Federvieh in Berlin: Ich wollt’, ich hätt’ ein Huhn . . .

Schmusehühner, Frust für den Fuchs und Supereier: Wie Familie Stollwerck in Lichterfelde-West vor sechs Monaten gackerndes Federvieh erwarb – und was sie seither damit erlebte.

In Anke und Karsten Stollwercks Leben geht es oft drunter und drüber. Zwei Söhne im Alter von 15 und 18 im Haus und eine dreizehnjährige Tochter, dazu fünf Kaninchen und eine Katze. In ihrer Töpferwerkstatt für Kita-Kinder im Souterrain herrscht oft Trubel. Das Haus an der Carstennstraße in Lichterfelde-West sieht aus wie die Villa Kunterbunt. Da ist es gut, wenn man ein paar Wesen mit solidem Lebenswandel um sich hat. Das sind seit einem halben Jahr ihre Hühner. Sieben auf einen Streich haben sie sich geholt. Die Hühner stehen mit dem ersten Morgenlicht auf, legen pünktlich zwischen zehn und elf Uhr ihre Eier, und wenn der Tag geht, flattern sie auf die Stange. „Unsere Hühner“, sagt Anke Stollwerck, „die haben eine total beruhigende Ausstrahlung.“

Das findet auch Tochter Lena. Manchmal kocht sie sich Tee, geht mit Decke, Kanne und Stullen durch den Garten, nimmt den Pfad zwischen Johannis- und Stachelbeersträuchern, vorbei an Narzissen und Tulpen bis ganz nach hinten, zum Hühnergehege. Sucht sich ein Plätzchen im umzäunten Auslauf.

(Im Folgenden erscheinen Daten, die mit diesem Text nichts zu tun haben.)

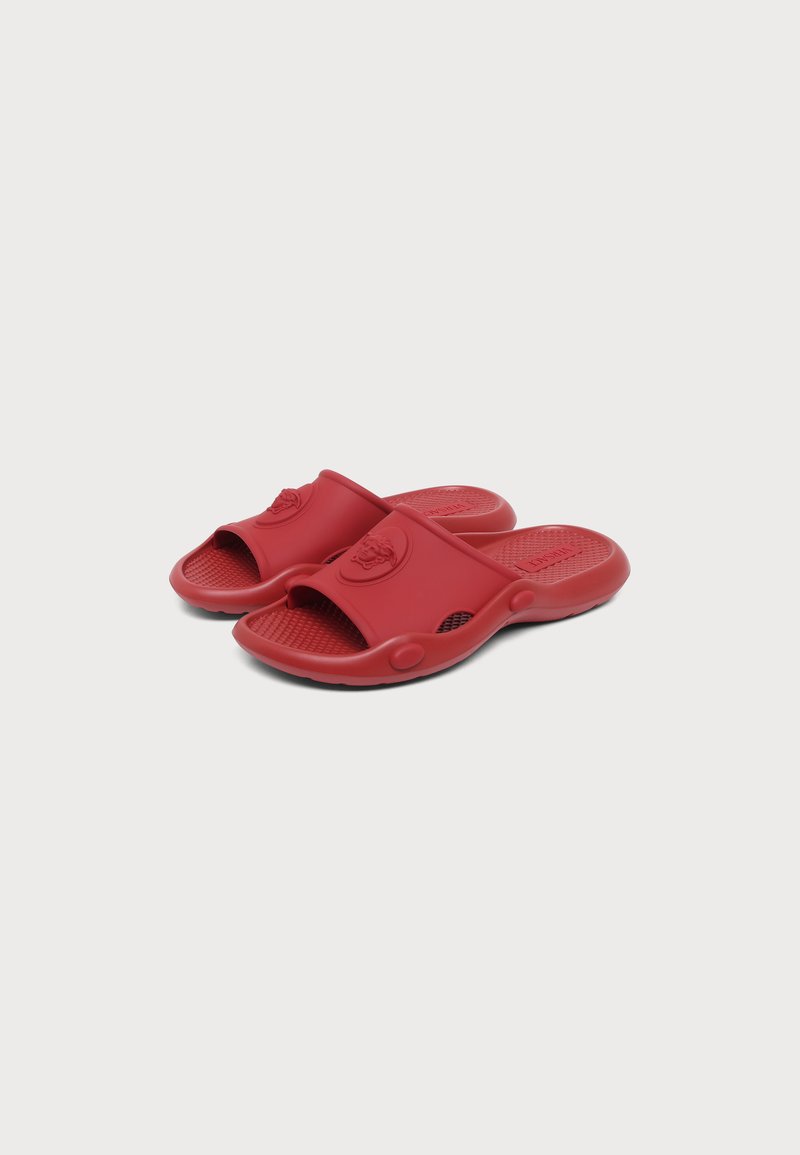Paar rote Slidesandalen mit strukturiertem Fußbett und geprägtem Logo auf dem breiten Riemen, vor einfachem hellem Hintergrund.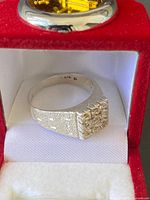 Silver ring inside red and white box showing 925 stamp inside the band and textured top with stones.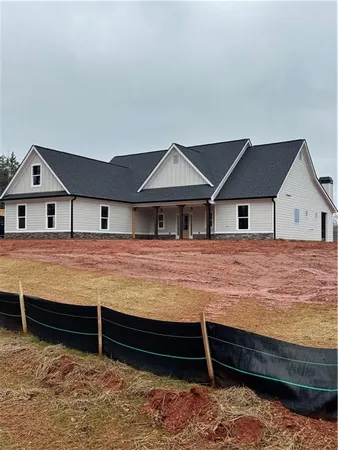 a house view with a garden space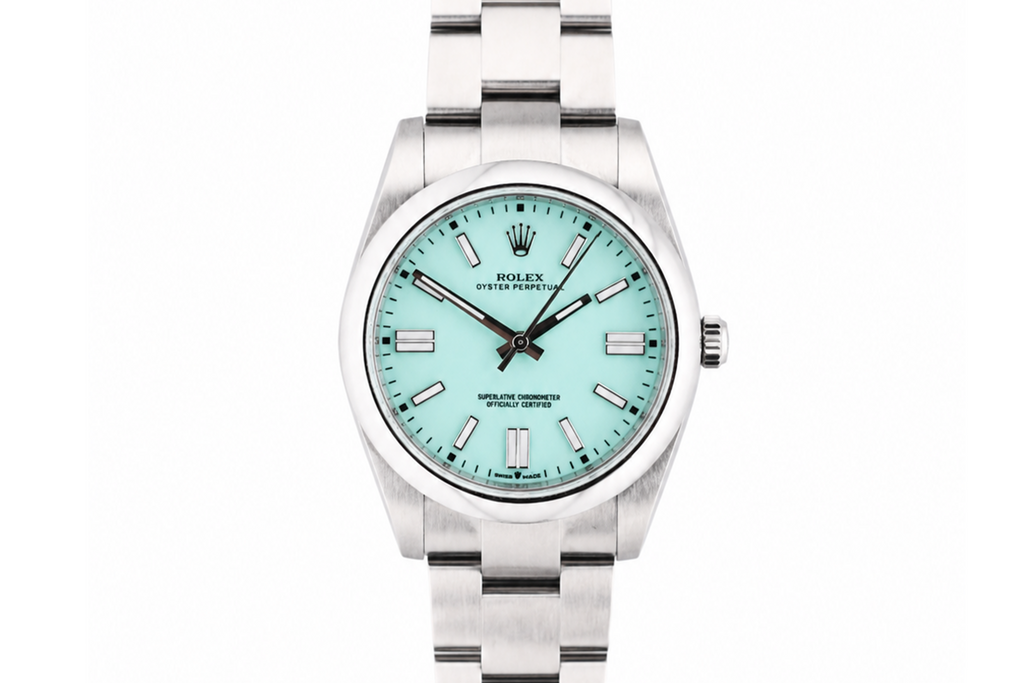Silver watch with a light blue face on a white background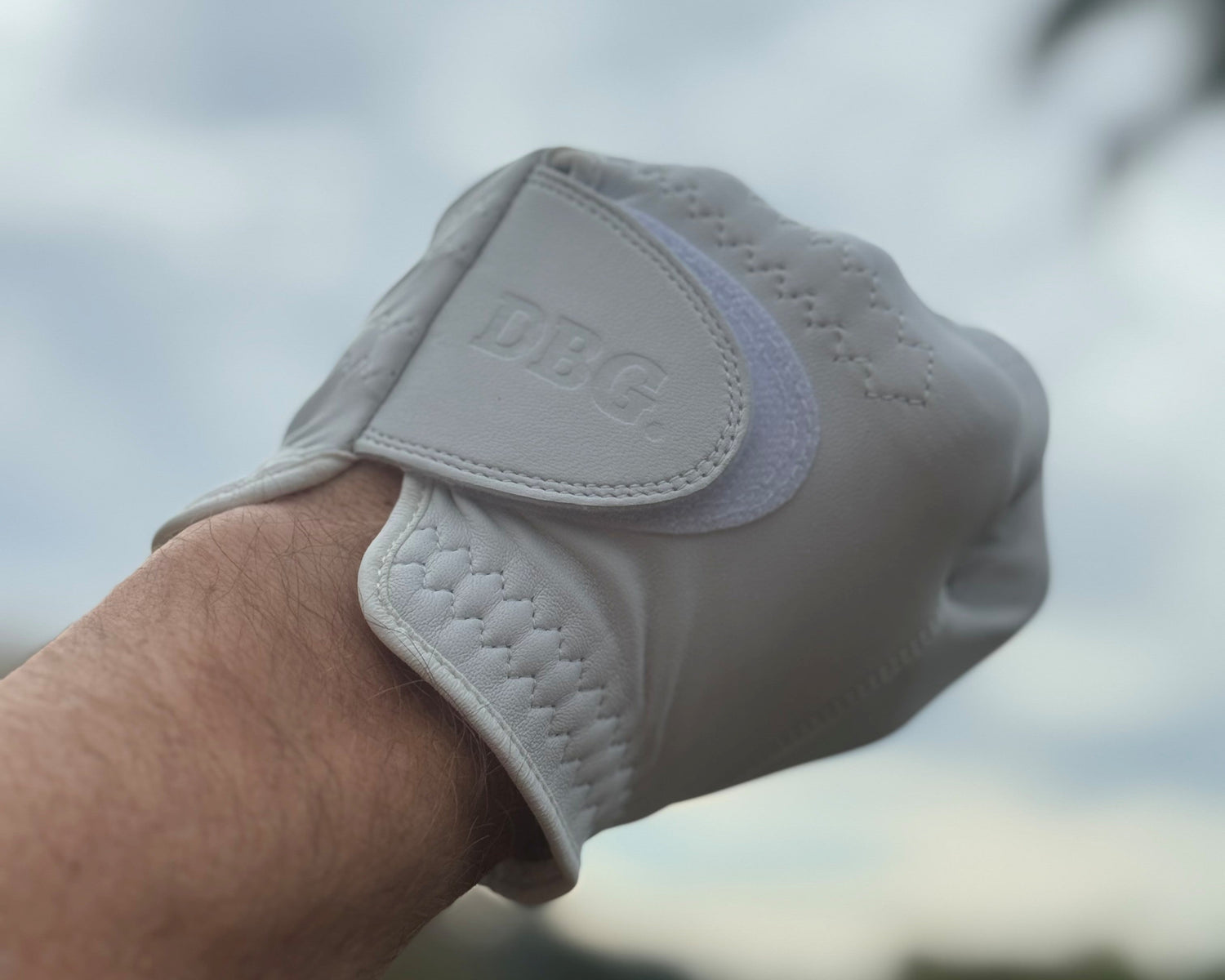 White golf glove with 'DBG' branding on a blurred natural background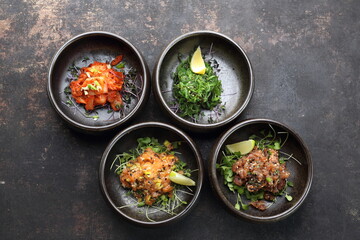 Composition of appetizers: tuna tartare, salmon tartare, kimchi, seaweed Japanese salad on a black stony background.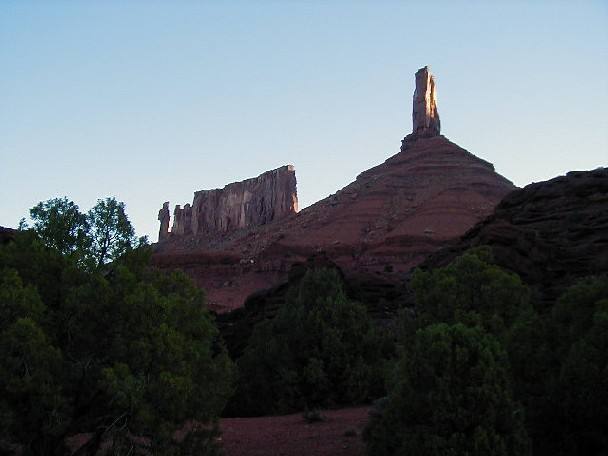Castleton Tower is on the right, The Priest and the Rectory are on the left. Kor-Ingalls climbs the big sunny dihedral on the right side of the tower. Photo: Darin Lang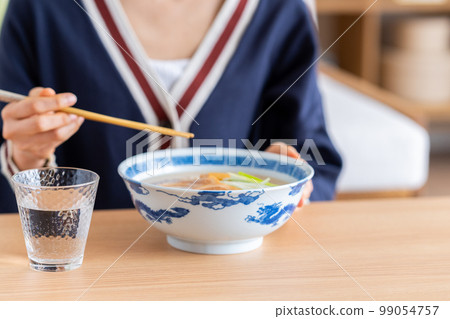 young woman eating ramen 99054757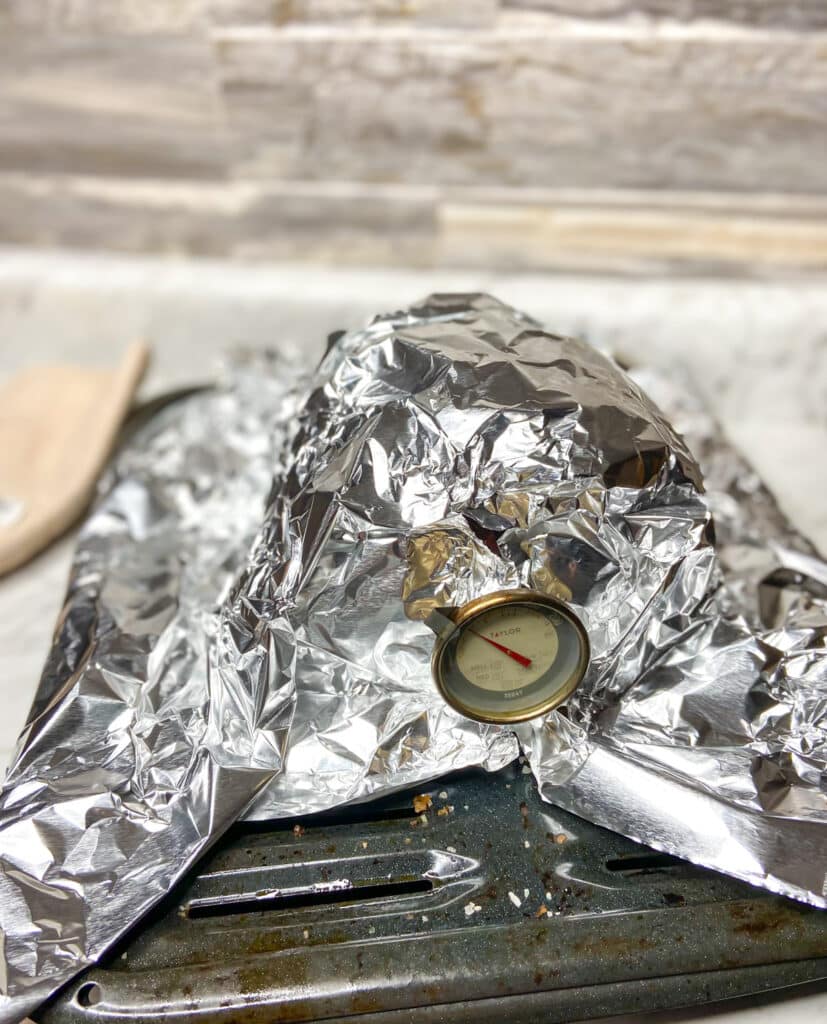 cooked meat covered in foil with thermometer showing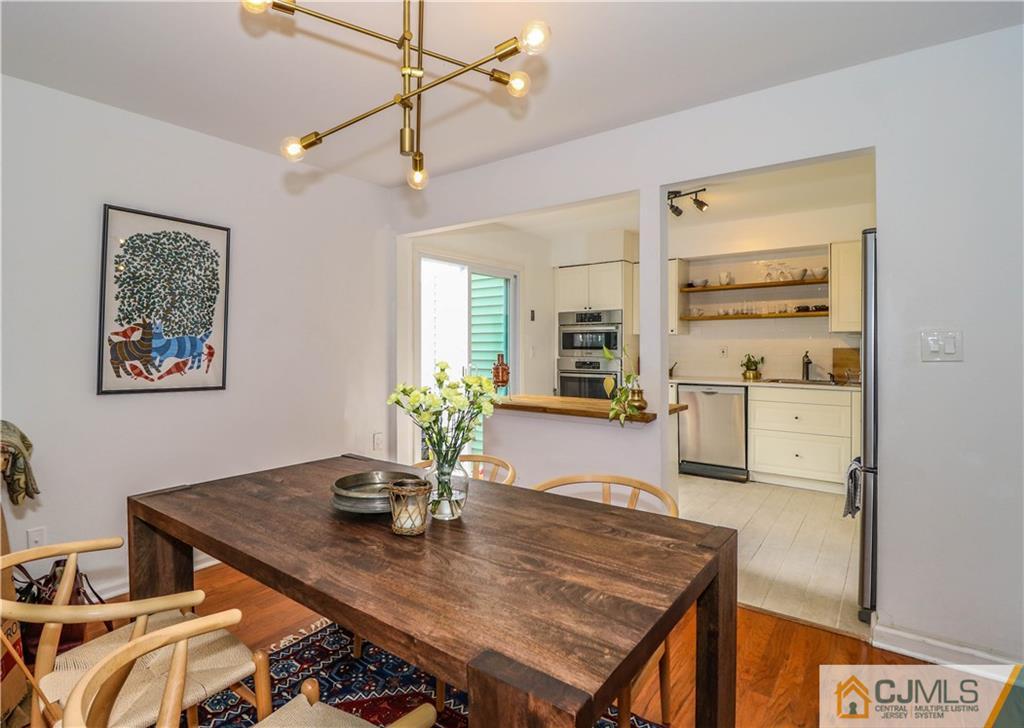 2901 Stonehedge Road, Unit 2901 Edison, NJ 08820 - Photo 4 of 25 a view of a dining room with furniture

Picknick mit Federvieh. Die Hühner ziehen ihre Kreise immer enger um Lena, blicken schräg, um besser aufs Tablett zu sehen, gakeln leise. Da holt sie sich mit raschem Griff das schneeweiße Tier mit der schwarzen Halskrause auf den Schoß. Alte englische Sussex-Rasse. Sie reibt zärtlich den roten Kamm, der sich ledrig anfasst. Streicht über die Halsfedern hinab zum Bauch, wo die Hand tief im Flaum einsinkt. Ein paar Monate haben genügt, um aus den Neuankömmlingen Schmusehühner zu machen.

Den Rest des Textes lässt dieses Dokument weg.